UP!

Opening day for a movie branded a “children’s film” by our culture is quite a sight to behold. There were lots of kids with not near as many parents, a couple of toddlers and at least one baby (who cried in the middle of the movie but wasn’t taken outside). We settled in and crossed our fingers that the noise would subside after the film actually started. I fully expected the kids to be the problem, but a group of teenagers turned out to be the problem initially. They were loud, giggly and boisterous, which is fine at a dance or even outside, but at a movie is totally inappropriate. Johnathan shushed them, someone in the row behind us did, too, and it took a threat to have them kicked out just as the movie was starting to get them to quiet down.

The initial noise issues aside, I was getting pretty excited about the movie. The short was sweet and well-animated, as all of Pixar’s pre-movie shorts have been to date. There’s not much to say about it, other than that I enjoyed it. I wasn’t able to fully immerse myself as I wanted to do, thanks to the noise coming from people all around. Nobody in that theater seemed to have the same interest in the short as we did. But after the noise died down and the lights fully dimmed, we were ready to fully take in Up for the first time. (Spoilers, coming your way!)

The first ten minutes of the movie were spent establishing what the trailers neglected to even hint at: the backstory and motive for the whole movie. We learn about adventurer Charles Munz, who finds a mysterious and exotic land called Paradise Falls (otherwise known as South America – Venezuela in particular), and about his rise to fame and subsequent downfall as the scientific community calls him a fraud.

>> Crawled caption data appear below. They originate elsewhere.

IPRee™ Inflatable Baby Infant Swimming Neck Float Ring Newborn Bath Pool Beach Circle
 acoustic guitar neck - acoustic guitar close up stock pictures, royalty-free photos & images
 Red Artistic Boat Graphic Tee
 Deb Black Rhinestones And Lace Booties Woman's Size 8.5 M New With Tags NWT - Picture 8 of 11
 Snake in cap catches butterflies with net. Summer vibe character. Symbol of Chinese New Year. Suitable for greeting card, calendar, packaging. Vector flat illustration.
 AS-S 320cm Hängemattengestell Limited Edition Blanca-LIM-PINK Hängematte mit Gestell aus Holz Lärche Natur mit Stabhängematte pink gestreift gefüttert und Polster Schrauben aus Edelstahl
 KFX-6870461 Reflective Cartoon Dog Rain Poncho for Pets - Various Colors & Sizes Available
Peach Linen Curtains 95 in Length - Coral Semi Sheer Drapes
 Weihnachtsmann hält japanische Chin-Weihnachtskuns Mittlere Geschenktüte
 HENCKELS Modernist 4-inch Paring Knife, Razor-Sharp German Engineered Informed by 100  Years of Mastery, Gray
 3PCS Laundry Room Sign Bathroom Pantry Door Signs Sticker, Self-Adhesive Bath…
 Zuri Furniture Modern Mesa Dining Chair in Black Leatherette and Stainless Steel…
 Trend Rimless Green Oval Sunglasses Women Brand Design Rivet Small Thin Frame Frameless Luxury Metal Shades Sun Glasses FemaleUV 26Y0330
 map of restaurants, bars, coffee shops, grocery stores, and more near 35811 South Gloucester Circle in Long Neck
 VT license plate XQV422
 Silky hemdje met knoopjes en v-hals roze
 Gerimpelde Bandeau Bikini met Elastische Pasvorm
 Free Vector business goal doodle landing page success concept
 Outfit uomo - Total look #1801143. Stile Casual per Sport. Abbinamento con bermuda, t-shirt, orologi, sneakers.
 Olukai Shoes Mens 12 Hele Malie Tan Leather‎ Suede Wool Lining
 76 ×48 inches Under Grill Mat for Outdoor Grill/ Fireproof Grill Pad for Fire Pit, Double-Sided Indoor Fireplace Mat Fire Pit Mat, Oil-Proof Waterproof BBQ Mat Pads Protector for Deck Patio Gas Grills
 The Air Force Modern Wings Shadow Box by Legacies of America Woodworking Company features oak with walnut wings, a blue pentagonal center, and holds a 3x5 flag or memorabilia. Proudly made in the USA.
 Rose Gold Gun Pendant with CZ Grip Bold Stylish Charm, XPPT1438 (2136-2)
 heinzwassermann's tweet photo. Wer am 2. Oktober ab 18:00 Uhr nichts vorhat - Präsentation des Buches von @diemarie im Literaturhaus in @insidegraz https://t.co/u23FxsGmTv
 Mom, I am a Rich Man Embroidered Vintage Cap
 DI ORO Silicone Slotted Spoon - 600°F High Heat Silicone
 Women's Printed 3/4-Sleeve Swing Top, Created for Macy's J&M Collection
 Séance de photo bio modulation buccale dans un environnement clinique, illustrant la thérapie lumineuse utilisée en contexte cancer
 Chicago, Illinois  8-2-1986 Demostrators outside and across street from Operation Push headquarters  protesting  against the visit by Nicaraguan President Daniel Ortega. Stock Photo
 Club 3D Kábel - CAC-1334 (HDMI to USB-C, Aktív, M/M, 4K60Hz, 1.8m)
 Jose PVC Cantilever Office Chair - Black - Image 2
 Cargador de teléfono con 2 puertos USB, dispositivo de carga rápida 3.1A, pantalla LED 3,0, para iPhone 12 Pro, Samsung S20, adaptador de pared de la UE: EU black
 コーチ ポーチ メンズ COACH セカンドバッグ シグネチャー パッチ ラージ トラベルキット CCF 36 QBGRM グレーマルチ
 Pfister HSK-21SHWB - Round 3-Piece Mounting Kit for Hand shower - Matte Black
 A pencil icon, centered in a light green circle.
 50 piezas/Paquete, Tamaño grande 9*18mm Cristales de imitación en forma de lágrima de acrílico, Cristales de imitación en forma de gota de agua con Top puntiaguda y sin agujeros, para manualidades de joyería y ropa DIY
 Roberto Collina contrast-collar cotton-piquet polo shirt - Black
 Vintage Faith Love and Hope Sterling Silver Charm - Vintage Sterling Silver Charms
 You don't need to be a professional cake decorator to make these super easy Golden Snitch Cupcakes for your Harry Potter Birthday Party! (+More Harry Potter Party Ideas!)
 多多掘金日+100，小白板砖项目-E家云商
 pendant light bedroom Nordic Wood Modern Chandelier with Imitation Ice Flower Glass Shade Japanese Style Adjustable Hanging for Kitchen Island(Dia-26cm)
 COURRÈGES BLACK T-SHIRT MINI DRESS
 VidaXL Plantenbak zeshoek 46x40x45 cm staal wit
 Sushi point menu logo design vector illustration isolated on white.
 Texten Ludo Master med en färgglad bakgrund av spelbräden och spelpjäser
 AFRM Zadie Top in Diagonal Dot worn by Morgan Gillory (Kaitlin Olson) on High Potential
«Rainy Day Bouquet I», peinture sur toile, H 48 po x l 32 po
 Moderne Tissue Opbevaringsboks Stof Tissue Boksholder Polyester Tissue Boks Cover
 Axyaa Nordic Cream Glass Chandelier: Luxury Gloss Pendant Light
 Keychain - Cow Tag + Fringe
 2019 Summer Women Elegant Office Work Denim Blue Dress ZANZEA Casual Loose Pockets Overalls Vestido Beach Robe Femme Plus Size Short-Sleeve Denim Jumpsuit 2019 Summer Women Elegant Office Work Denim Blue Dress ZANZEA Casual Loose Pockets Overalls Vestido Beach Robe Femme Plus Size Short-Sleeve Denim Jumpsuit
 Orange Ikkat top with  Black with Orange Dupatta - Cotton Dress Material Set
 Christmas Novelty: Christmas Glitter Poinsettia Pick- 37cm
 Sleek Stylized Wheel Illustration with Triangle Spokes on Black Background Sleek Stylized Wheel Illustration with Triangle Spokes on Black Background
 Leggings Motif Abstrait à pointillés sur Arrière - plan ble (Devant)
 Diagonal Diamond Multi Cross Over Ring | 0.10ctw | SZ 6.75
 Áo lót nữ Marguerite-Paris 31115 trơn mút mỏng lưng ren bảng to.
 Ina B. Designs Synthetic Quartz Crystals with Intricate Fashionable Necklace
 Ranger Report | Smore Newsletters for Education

A young Carl Fredrickson finds the excitement and adventure exciting and dreams of traveling to Paradise Falls himself. He travels past a house (presumably on his way home), and happens upon a ramshackle old house, in which a young girl (Ellie) with the same aspirations is playing that she is traveling herself to the same exotic location. The story goes into a montage after that, through the lives of Carl and Ellie, starting with their marriage and culminating with her death. The adventuring dream is part of their life, but they never quite get to going on the grand adventures dreamed up in their childhood. And that’s where the meat of the movie starts.

As anyone who’s seen the trailer can probably piece together from here, he decides to lift his house with balloons (inspired by an unfortunate incident in which Carl hits a construction worker with his cane and is subsequently taken to court, then ends up being told to move to a retirement home), the not-a-boy-scout boy-scout child (Russell) ends up accidentally tagging along. The rest of the movie is a hijinks, where Russel and Carl end up completely out of their element, both with each other and with their surroundings.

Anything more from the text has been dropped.